I’ve since done more research into my statement about old and new Otus.
Maybe I should restate it. Zeiss likes to reuse optical layouts. The double Gauss Planar it just never wants to stop using. (Until Sony showed them the light with the 1,8/55.) The 2/28 Classic had a very similar optical layout to their Contax 2/28 from the 70’s.
There is well-founded speculation that several of the Supremes were ported over from the Otus or other prior Zeiss lenses. Because they have similar MTFs to the Otus.
Then we have the curious case of the 65mm Supreme. A focal length Zeiss did not have in their recent catalogue and therefore had to design from scratch. Look at its amazing contrast! But the 100mm Supreme is also palpably high performing. The 100mm was the last lens Zeiss brought out for photo in the Otus line.

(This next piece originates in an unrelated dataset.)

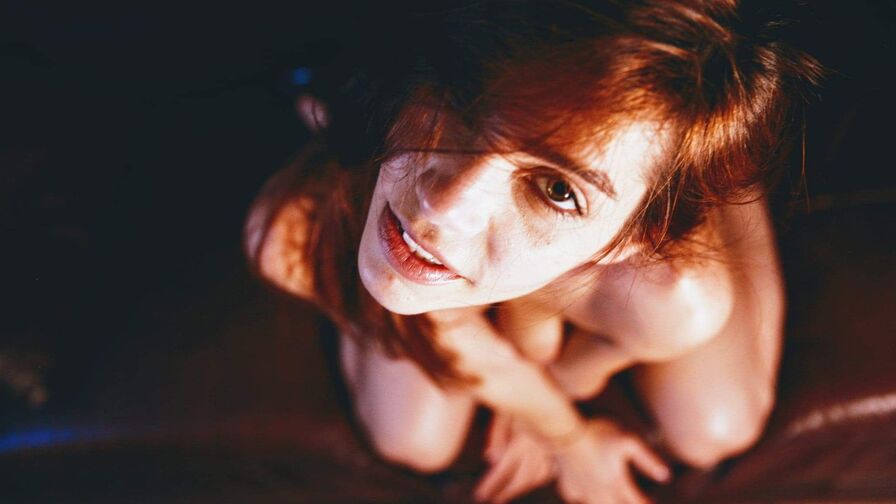 Watch CleoCharm live on Ultra Erotica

Sorry my retarded iPhone can’t copy urls right now. Google “Just the Cinema MTF Charts: Zeiss Cine Lenses” for the mtfs
Kalainen wrote: kotmj wrote:
I hope it means identical to the new Supremes and not the old Supremes. The old Supremes are those that used the Otus layouts. For those focal lengths not covered by Otus, they came up with new layouts. Those are extremely remarkable in mtf as tested by lensrentals.
Care to explain this a bit more? As far as I know, there are only one Supreme lenses, and not 'old' and 'new' ones. At least Zeiss makes a lot of effort to explain that Supreme lenses all share same rendering characteristics. Maybe you are mixing Supremes and Master Primes?